Przez karty książki przewijają się wszystkie znaczniejsze osobistości siedemnasto- i osiemnastowiecznej Europy i Ameryki: nie tylko Newton, i Leibniz, ale także John Locke, Robert Hooke, Robert Boyle, Christiaan Huygens, Czarnobrody, cała rzesza królów i książąt, a nawet siedmioletni Ben Franklin.

Pełno tu pojedynków i pościgów, lecz nie brak także opisów systemów filozoficznych, rekonstrukcji powstania rachunku różniczkowego i teorii Newtona. „Cykl barokowy” wymyka się wszelkim klasyfikacjom. Trudno określić jego przynależność gatunkową, wskazać poprzedników czy nadać mu etykietkę poza etykietką powieści absolutnie genialnej. Stephenson ma niepowtarzalny dar: skomplikowane idee przedstawia w sposób zarazem prosty, zabawny, rozczulający i przyprawiający o dreszcze.

Neal Stephenson jest pisarzem najsilniej obecnie wpływającym na rozwój fikcji naukowej. Od kilkunastu lat każda kolejna jego książka stanowi o narodzinach lub śmierci jakiegoś podgatunku literackiej fikcji. Tak Zamieć (1992) wyznaczyła granicę cyberpunkowi. Diamentowy wiek (1995) zapoczątkował i, jak twierdzą niektórzy, także wyczerpał konwencję powieści nanotechnologicznej. Czy można posunąć się w fikcji spekulacyjnej jeszcze dalej? Cryptonomicon (1999) stanowił krok w zupełnie inną stronę, łącząc fikcję historyczną o II wojnie światowej z niezwykle realistycznymi prognozami rozwoju cywilizacji informatycznej XXI wieku.

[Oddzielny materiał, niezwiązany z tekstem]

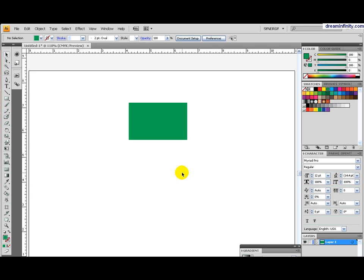Hello and welcome to Dream Infinity Studios Illustrator tutorial. This is about using mathematics to calculate sizes and rotations in Illustrator.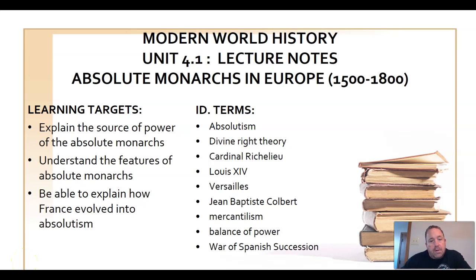Hey there, students. Welcome to Modern World History.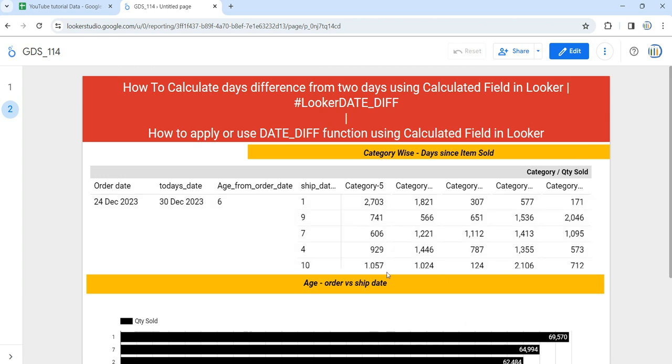This is how you can use the DATE_DIFF function to calculate days between two different dates with the help of a calculated field in Looker or Google Data Studio. Happy learning and see you in the next video.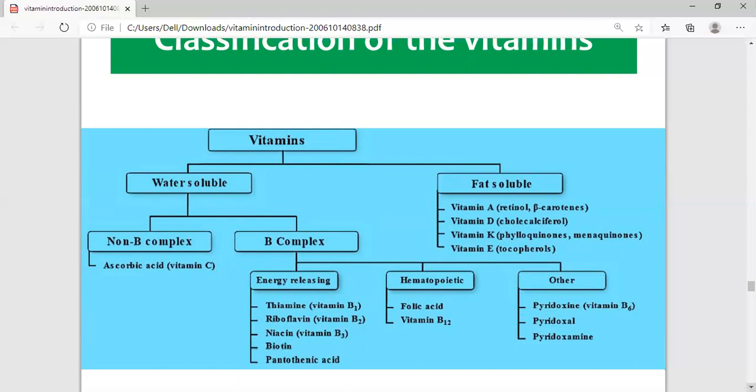The other class is fat-soluble vitamins, which are different from water-soluble vitamins. Fat-soluble vitamins include Vitamin A, Vitamin D, Vitamin K, and Vitamin E. The chemical name of Vitamin A is retinol or beta-carotene; Vitamin D is cholecalciferol; Vitamin K is phylloquinone and menaquinone; and Vitamin E is tocopherol.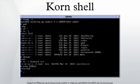Korn Shell is a Unix shell which was developed by David Korn at Bell Labs in the early 1980s and announced at USENIX on July 14, 1983.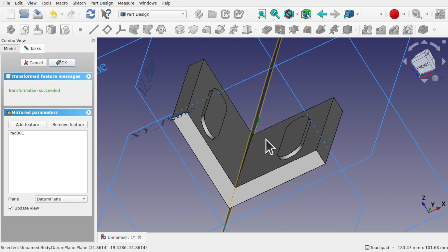So that's an introduction to how to use a datum plane with the mirror when using it for reference — very powerful, very practical. I hope that's helped with your learning going forward with FreeCAD. Thanks a lot for watching, and I'll see you again in the next video.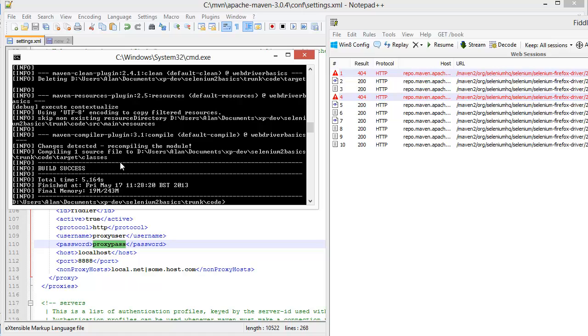So you could do the dependency purge local repository command, or you could just delete the files. You could try and do a minus U, but essentially you have to work at the repository level first to fix it in order to get Maven to refresh.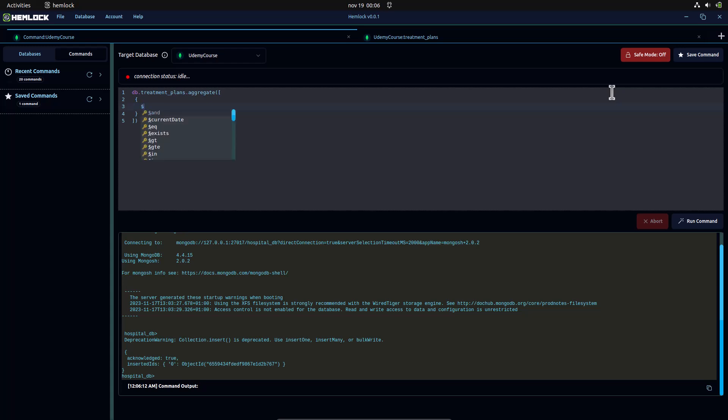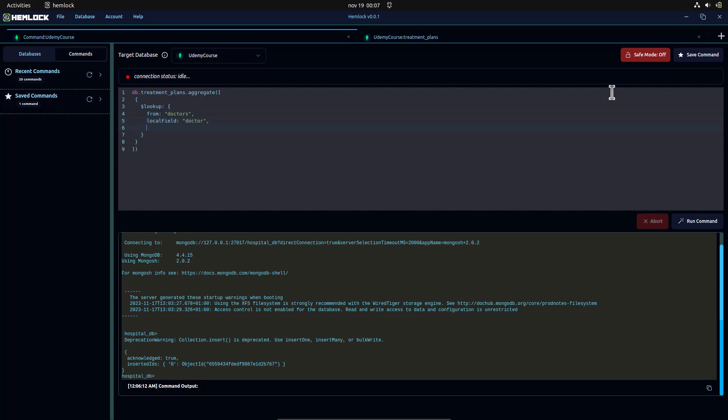The lookup operator is used to perform joins in MongoDB. You have to supply it the name of the foreign collection as from, the field that holds the reference as local field, the field in the foreign collection that holds the same reference as foreign field, and finally the title of the field in the resulting data that will hold the lookup result as.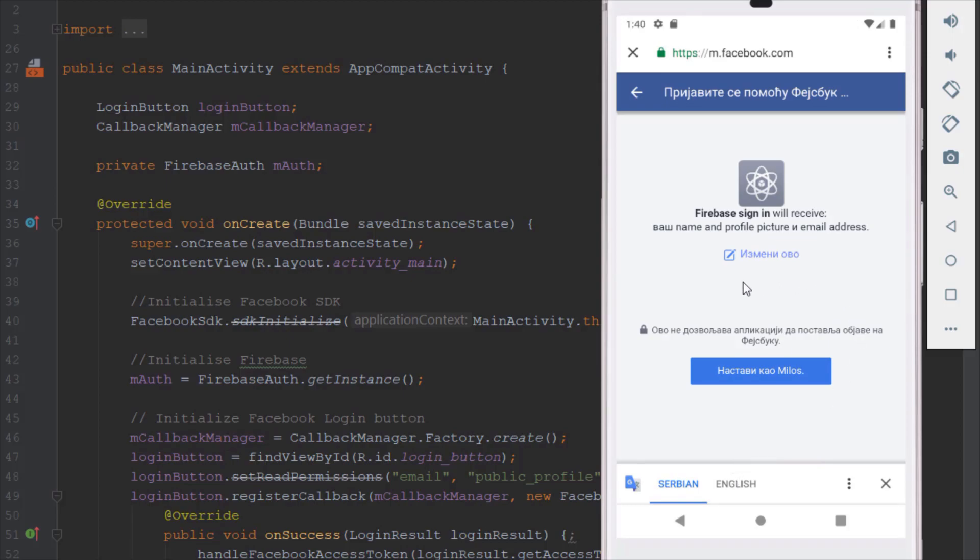And as you can see here we see the name of our Facebook application Firebase sign-in. It says that our application will receive profile name, profile picture, and email address, so we can click this continue to give access to our application.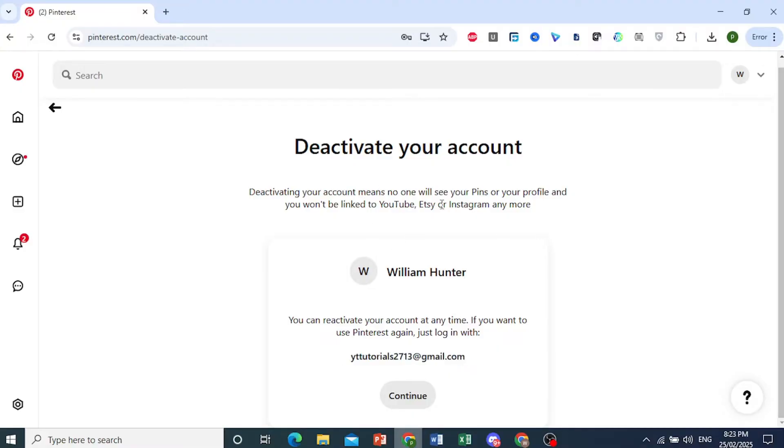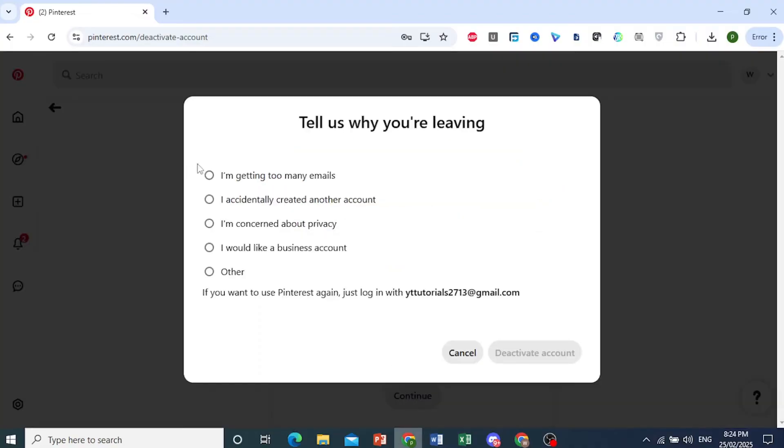When you deactivate your account, everything regarding your profile, your pins, all of that will disappear. So I'll just click on continue and do this, deactivate my account. We'll go ahead and do that.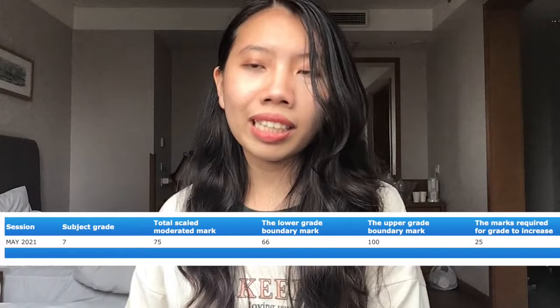Hey guys, welcome back to the channel and to the very first video series where I go through my study method and tips for each of my IB subjects. Today we will be focusing on psychology, which I took at HL level. It's one of my favorite subjects to study for, and I developed a very systematic approach that helped me score nine marks above the boundary for a seven in my May 2021 assessment.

W Cyklu Barokowym – monumentalnej trylogii, którą rozpoczyna Żywe srebro i kontynuuje Zamęt – Neal Stephenson podejmuje próbę dotarcia do kolejnej granicy literatury. Tym razem sięga nie w przyszłość i do kresu wyobraźni – lecz w głąb, do samych korzeni współczesnej cywilizacji Zachodu. Jak narodziła się nowożytna nauka? Jak narodziła się nowoczesna gospodarka? Czy ich ewolucja aż do obecnej postaci była konieczna i nieunikniona, czy też mogła potoczyć się inaczej?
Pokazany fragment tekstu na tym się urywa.